But the reason is because i'm looking at a 50 degree dew point and that coil temperature is running right at about 50 degrees, is where our saturation temperature in that coil is so i i can't pull any more latent out. Everything at that point is going to be sensible, which is fine, because i really don't want my indoor space going colder than that. So we're going to look at this one here and that's kind of going to be our guide. We're going to use that 63 degree entering wet bulb column to figure out what we want to do and what we need to do is figure out what our sensible heat ratio is, and this number comes from the load calculation, a manual j load calculation, when you Hit that you find out what the sensible heat ratio is and its sensible heat ratio is sensible, divided by the total, so whatever the sensible number is divide by the total, and that gets your sensible heat ratio.

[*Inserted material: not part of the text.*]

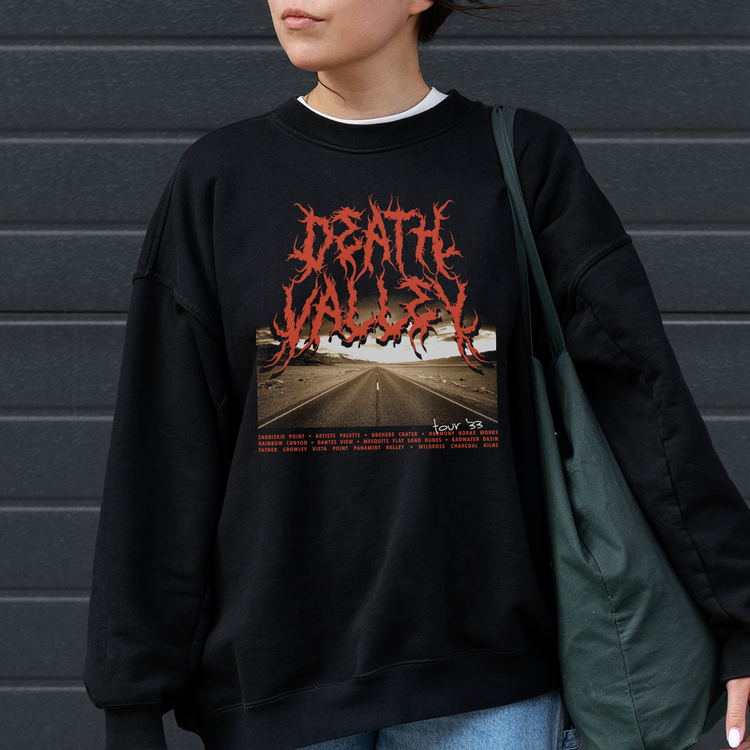 A woman wearing a black sweatshirt with the words 'Death Valley' on it in a metal band font. Shop our National Park Sweatshirts, the perfect national parks apparel! Featuring unique designs inspired by iconic parks, they combine comfort and adventure in s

So you see, i've got three different ones: 0.73, 0.77 and 0.81, depending on what my airflow is so depending on what the load calculation says, this is where i decide to set my bloat my indoor air speed at what sensible heat ratio do i need this. Is your design equipment, airflow selection? So this really needs to be done before you can set up your blower speed. You need to know this information, okay, because if we go down here, we set this for that 0.73. It's not a huge change in btus, but you're going to do a lot more latent work down here than you are up here, depending on what part of the country you're in if you're, in a very dry area. Heck go up here. For this point, eight one! But in my part of the country and um, most places, probably east of the mississippi or east of the plains, you're going to want to set somewhere between that 400 cfm per tonne or 350.. So this is at your 350. right.
So this is where we we get rid of that rule of thumb. Now. Did everybody kind of uh understand that any questions so far? Okay, now setting up with an internal filter? How are we doing on time here we're moving right along? We might actually get done early. You guys aren't asking enough questions so setting up with an uh an air handler a lot of air handlers and i don't think any furnaces anymore come with internal filters.
There used to be a couple, but there's still some air handlers out there. They come with a throwaway, essentially rock catcher plastic filter in here. The thing about that is that, most of the time that filter drop is included in the external static pressure rating. So if we take that filter out, our blower charts are no longer accurate, you start having to do some some funny math to try to get that um taken out of the external static pressure right.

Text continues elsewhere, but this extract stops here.